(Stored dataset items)
────────

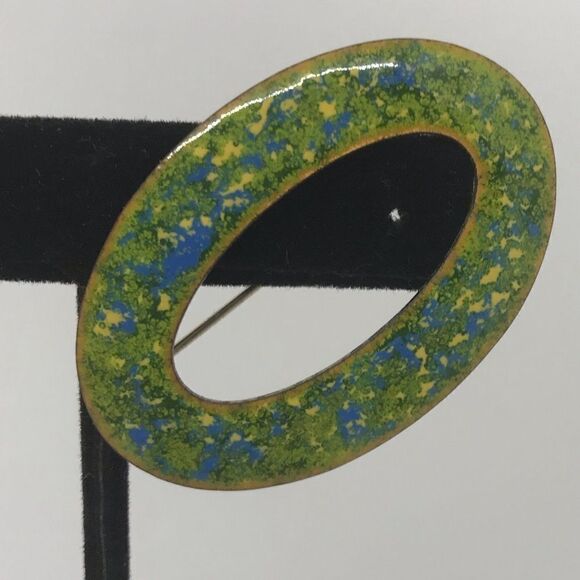 Vintage Enamel Oval Brooch 50s Mid Century Modern - Picture 3 of 13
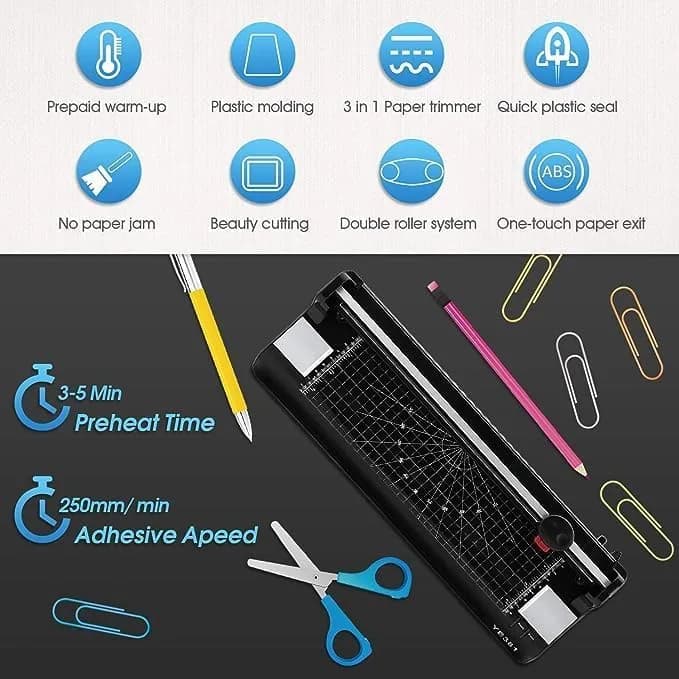 Eficentline YE381 13-inch Thermal & Cold Laminator Machine with 120 Pouches, Trimmer & Rounder | 297mm Max Width thumbnail 11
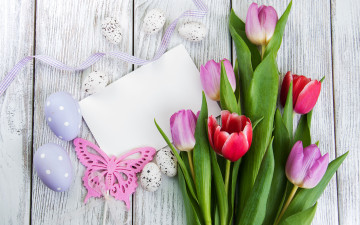 Картинка праздничные пасха букет тюльпаны композиция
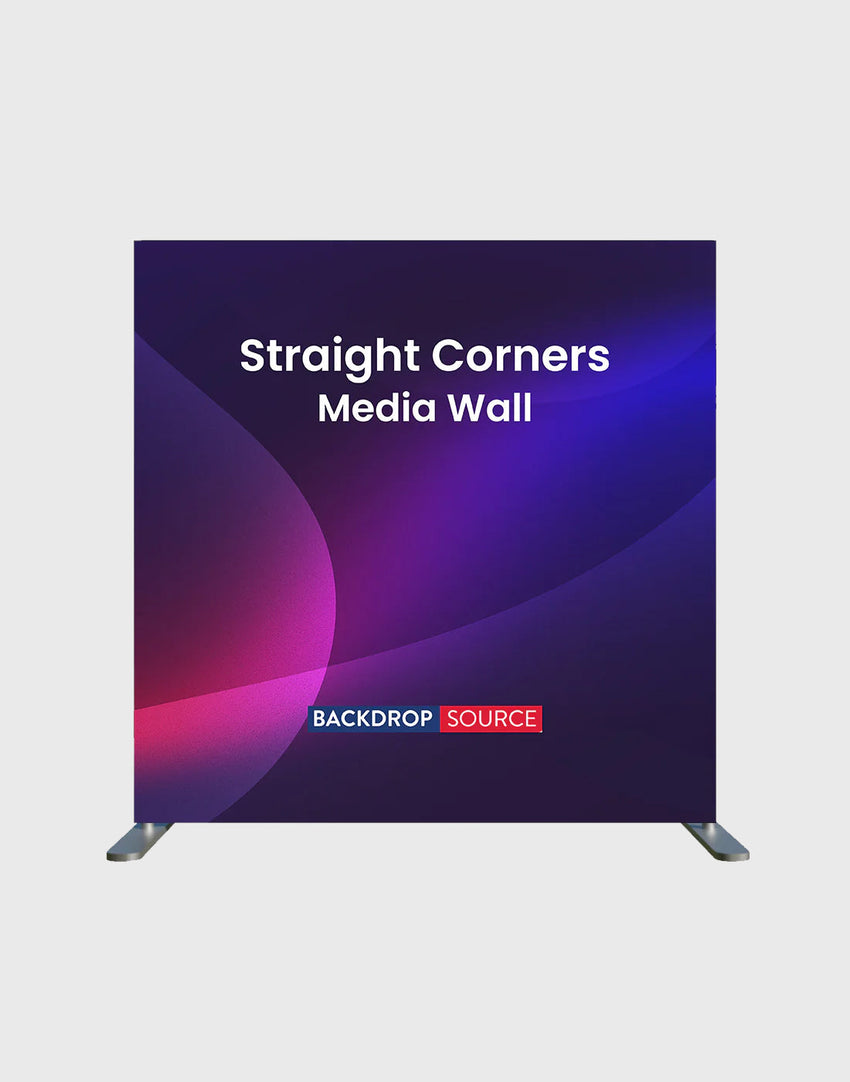 Portable Straight Media Wall – Square Corners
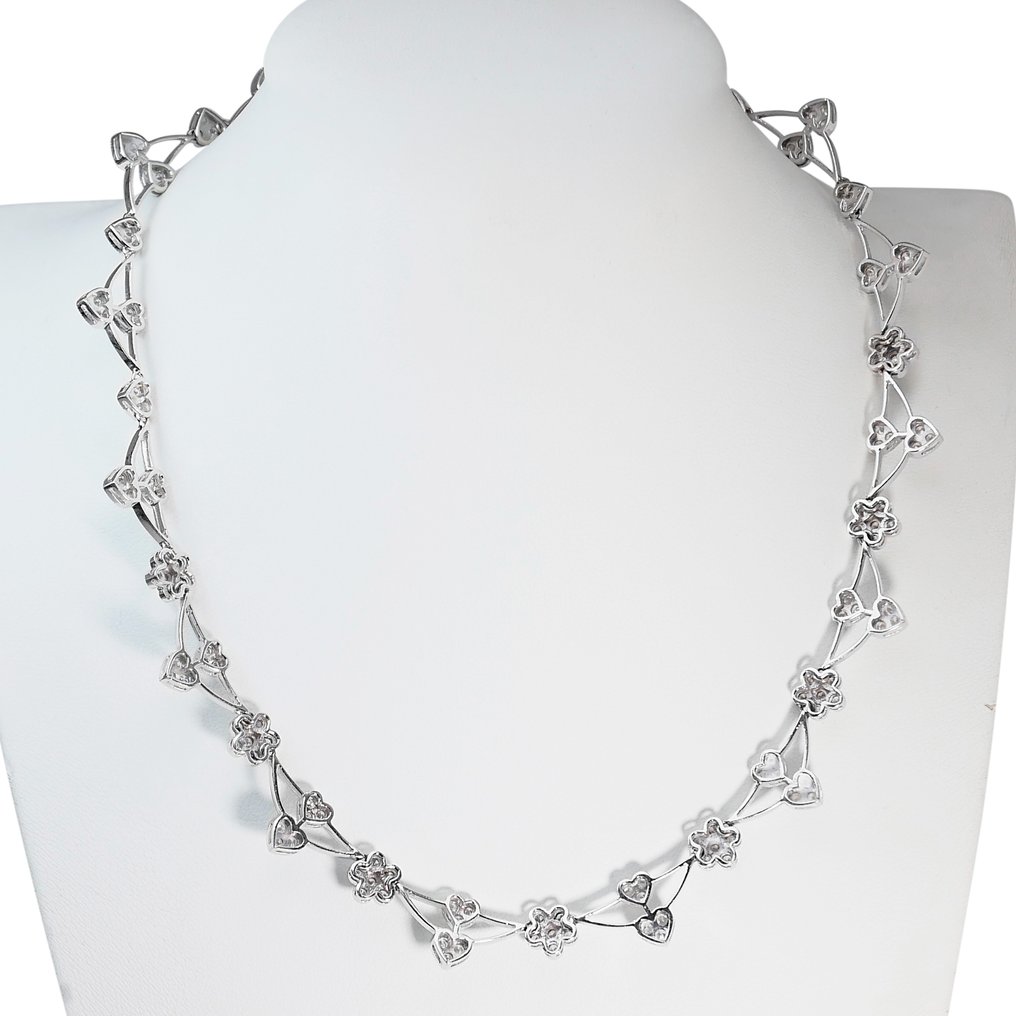 Halskette - 18 kt Weißgold -  4.20 tw. Diamant  (Natürlich) #2.1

────────

[Problem]
Write out exactly the lines from the one containing "Portable Straight Media" through the end of the entries, both included. Pictures are not copied.

[Your response]
 Portable Straight Media Wall – Square Corners
 Halskette - 18 kt Weißgold -  4.20 tw. Diamant  (Natürlich) #2.1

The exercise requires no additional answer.